The attitude towards these (and other) rules is changing. Henry Watson Fowler (1858-1933) in his 1926 book A Dictionary of Modern English Usage encouraged readers to ignore rules that didn’t make sense or which caused ambiguity. He freely gave license to split infinitives, to end sentences with prepositions, to begin sentences with “and” or “but”, and to use “none” with a plural verb (e.g. “none of us are going”).

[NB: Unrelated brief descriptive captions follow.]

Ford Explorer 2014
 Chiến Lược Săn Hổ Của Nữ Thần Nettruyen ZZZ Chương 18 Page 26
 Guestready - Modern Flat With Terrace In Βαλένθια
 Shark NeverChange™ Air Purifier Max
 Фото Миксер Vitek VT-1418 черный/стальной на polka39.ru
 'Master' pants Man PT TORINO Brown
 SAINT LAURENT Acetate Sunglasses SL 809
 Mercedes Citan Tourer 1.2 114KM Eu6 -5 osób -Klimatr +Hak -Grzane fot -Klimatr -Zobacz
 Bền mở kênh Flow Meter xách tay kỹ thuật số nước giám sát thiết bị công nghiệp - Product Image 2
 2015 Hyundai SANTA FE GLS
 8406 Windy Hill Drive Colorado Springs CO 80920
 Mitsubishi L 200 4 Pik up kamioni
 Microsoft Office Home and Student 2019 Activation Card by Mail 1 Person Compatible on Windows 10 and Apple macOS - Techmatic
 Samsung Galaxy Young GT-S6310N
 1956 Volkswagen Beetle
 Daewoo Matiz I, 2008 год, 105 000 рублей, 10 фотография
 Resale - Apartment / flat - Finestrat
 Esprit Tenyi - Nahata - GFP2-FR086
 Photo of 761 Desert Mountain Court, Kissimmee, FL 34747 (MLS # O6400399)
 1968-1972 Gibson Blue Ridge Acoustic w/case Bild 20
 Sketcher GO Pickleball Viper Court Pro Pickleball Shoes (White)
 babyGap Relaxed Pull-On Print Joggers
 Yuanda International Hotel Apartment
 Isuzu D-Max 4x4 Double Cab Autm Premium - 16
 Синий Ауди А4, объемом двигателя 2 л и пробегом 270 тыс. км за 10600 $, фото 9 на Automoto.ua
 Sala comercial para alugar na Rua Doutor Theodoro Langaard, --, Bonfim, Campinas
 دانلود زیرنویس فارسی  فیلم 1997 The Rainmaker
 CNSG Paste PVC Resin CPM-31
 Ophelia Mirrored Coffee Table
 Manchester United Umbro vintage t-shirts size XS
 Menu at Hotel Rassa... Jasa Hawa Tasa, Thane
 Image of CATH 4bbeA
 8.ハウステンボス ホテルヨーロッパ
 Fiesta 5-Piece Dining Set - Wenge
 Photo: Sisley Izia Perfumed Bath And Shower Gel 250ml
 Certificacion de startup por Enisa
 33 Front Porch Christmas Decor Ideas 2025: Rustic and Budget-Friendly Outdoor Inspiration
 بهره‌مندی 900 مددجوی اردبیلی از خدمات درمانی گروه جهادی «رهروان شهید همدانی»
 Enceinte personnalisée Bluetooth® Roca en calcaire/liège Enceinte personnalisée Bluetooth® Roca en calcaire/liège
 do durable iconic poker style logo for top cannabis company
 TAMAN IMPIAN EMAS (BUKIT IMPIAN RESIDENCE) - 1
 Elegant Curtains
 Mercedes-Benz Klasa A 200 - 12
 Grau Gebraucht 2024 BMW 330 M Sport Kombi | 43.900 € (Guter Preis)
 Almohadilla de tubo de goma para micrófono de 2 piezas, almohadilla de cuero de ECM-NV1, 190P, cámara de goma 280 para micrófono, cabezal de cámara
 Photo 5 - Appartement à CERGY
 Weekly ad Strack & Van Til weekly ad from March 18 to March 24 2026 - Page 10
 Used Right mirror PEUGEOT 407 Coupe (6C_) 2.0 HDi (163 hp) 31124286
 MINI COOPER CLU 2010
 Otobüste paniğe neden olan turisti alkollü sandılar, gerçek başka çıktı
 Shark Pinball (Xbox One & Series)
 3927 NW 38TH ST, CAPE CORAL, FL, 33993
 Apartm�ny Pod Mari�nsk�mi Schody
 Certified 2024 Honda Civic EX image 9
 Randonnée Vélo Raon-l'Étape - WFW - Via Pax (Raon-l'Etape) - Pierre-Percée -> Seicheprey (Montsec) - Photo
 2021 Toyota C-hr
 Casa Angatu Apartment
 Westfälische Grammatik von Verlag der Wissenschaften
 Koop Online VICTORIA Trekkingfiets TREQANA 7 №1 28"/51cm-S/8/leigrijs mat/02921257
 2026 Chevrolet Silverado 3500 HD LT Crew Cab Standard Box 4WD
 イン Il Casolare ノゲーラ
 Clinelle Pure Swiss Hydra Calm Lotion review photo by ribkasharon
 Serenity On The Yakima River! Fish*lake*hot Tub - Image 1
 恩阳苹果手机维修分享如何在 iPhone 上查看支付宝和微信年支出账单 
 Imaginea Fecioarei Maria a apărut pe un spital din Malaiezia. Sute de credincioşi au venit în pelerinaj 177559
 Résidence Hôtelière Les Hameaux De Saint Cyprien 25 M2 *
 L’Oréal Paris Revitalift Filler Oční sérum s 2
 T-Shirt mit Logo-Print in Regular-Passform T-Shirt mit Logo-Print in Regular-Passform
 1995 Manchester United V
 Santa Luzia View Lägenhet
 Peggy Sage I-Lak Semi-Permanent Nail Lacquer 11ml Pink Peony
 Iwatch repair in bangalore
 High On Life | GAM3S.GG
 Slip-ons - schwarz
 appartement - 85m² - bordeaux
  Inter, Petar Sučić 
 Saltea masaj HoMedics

I agree that the first and third rule described above can be safely ignored. On the use of double negatives I’m not so sure. While the rule could have gone either way (that two negatives cancel or reinforce each other), one or the other should be standard. The use of double negatives was already in decline when Lowth’s rule was written, he just finished it off. For clarity sake, I would reserve a reinforcing double negative for dialogue in a dialect where it would not be unexpected (did you catch my double negative where the intent is to cancel?). One tip is the word “ain’t”; if someone says “she ain’t never comin' back” there’s no use waiting up for her.

Fowler’s rather liberal English usage book was published in England which one would expect to be the bastion of prescriptionism. Meanwhile in freedom-loving America William Strunck Jr. and E.B. White published, in 1959  The Elements of Style, commonly referred to as “Strunk and White”. This book is full of picky little rules, many of which are quite arbitrary like Strunk’s ban on beginning a sentence with “however”. White added “hopefully” to the sentence-beginning ban list as in “Hopefully, I’ll do better tomorrow”. Greene argues that in this usage “hopefully” is a “sentence adverb”, and gives another example “Honestly, he’s a liar”. In Greene’s example, “honestly” obviously does not describe the person being talked about but modifies the rest of the sentence. If “honestly” is acceptable in this structure, why shouldn’t “hopefully” be?

White’s inflexibility on the many rules in their book seems at odds with his beautiful quote on language change that I use in my blog heading. I suppose it illustrates the idea that language is very personal: “all changes to language are fine and acceptable – except for the ones I don’t like”.